• [Exercise objective]:
In the listing below, find the line containing "Koval Inc Bathroom" and the line containing "Endkappe LEDVANCE LS". Repeat exactly those two lines and every line between them.

• [Data records]:

* * * * * * *

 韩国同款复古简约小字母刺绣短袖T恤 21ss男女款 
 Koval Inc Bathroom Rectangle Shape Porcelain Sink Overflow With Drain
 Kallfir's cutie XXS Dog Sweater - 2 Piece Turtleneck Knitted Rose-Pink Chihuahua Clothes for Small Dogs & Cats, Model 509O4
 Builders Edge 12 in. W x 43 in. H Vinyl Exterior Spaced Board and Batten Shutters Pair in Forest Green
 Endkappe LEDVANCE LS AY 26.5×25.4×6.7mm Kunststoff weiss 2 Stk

* * * * * * *

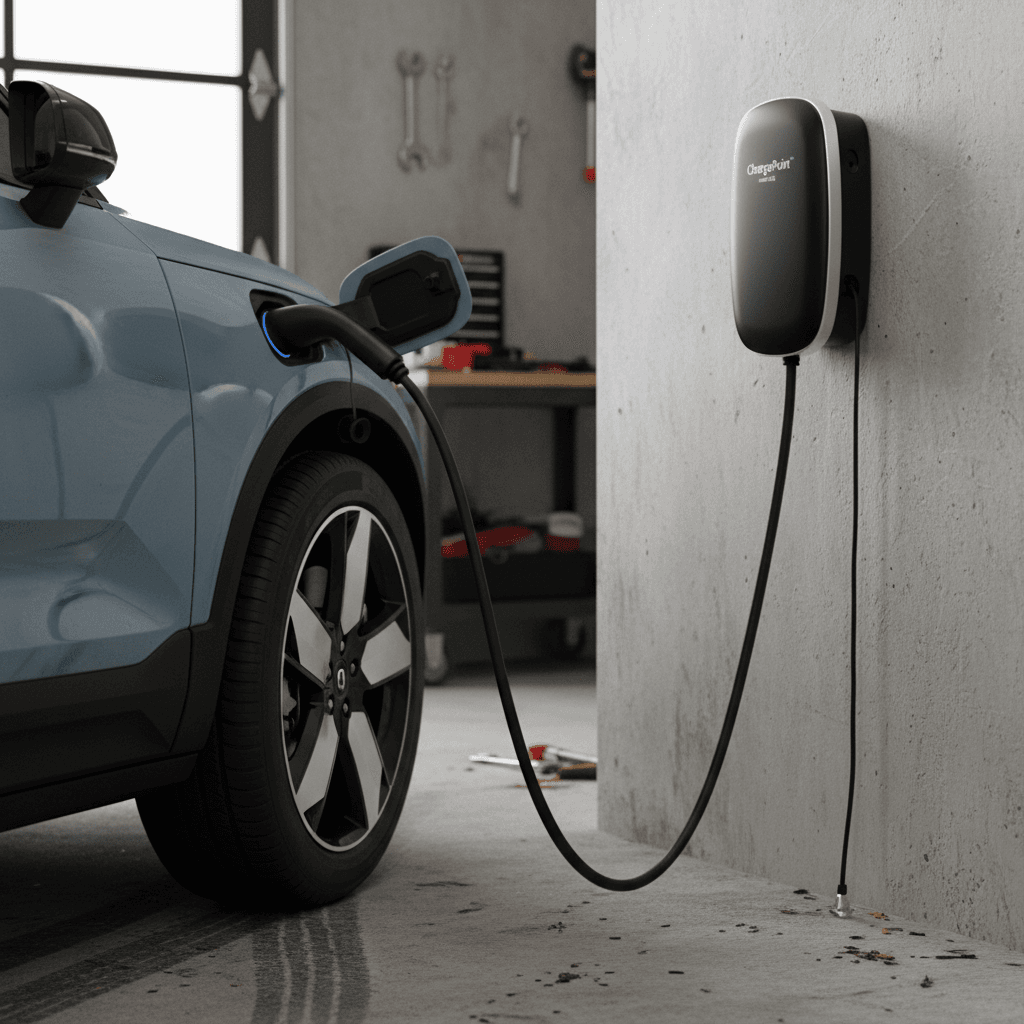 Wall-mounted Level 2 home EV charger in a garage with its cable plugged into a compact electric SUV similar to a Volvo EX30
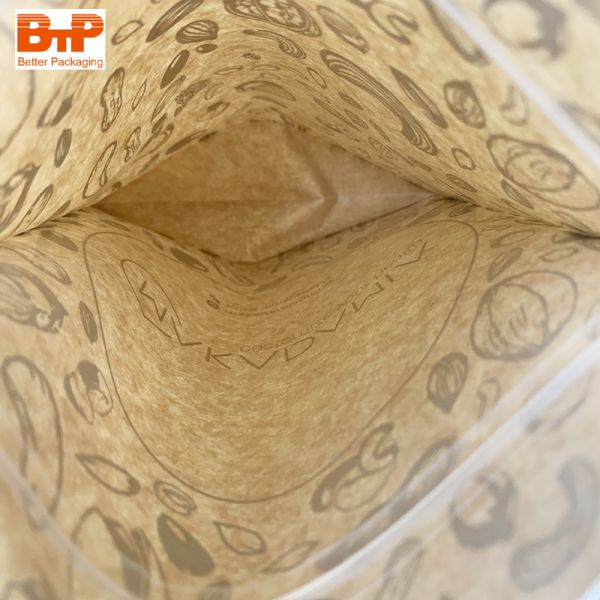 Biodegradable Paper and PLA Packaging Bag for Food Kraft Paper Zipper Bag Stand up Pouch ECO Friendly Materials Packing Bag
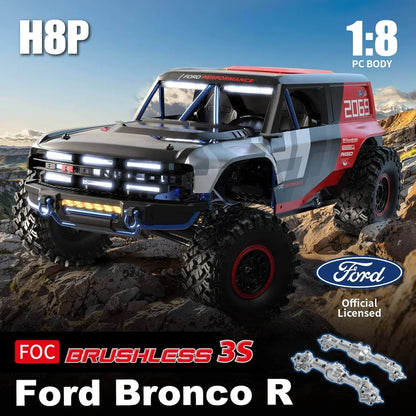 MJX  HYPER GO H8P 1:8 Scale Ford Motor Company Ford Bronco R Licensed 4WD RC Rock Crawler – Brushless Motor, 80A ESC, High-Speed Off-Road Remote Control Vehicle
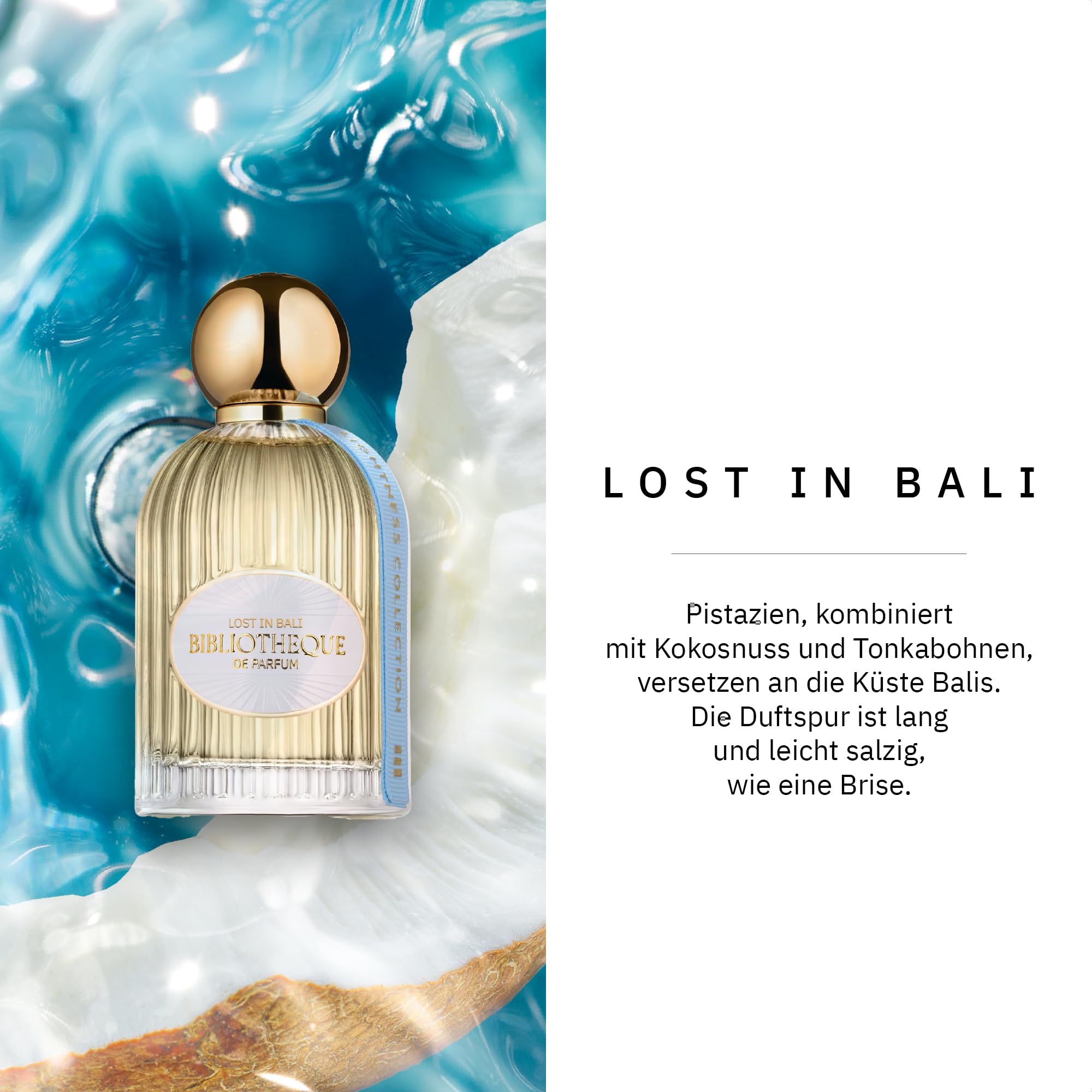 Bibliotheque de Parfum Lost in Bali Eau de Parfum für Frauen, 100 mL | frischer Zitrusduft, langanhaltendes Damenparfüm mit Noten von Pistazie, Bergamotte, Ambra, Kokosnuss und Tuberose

* * * * * * *

• [Problem solution]:
 Koval Inc Bathroom Rectangle Shape Porcelain Sink Overflow With Drain
 Kallfir's cutie XXS Dog Sweater - 2 Piece Turtleneck Knitted Rose-Pink Chihuahua Clothes for Small Dogs & Cats, Model 509O4
 Builders Edge 12 in. W x 43 in. H Vinyl Exterior Spaced Board and Batten Shutters Pair in Forest Green
 Endkappe LEDVANCE LS AY 26.5×25.4×6.7mm Kunststoff weiss 2 Stk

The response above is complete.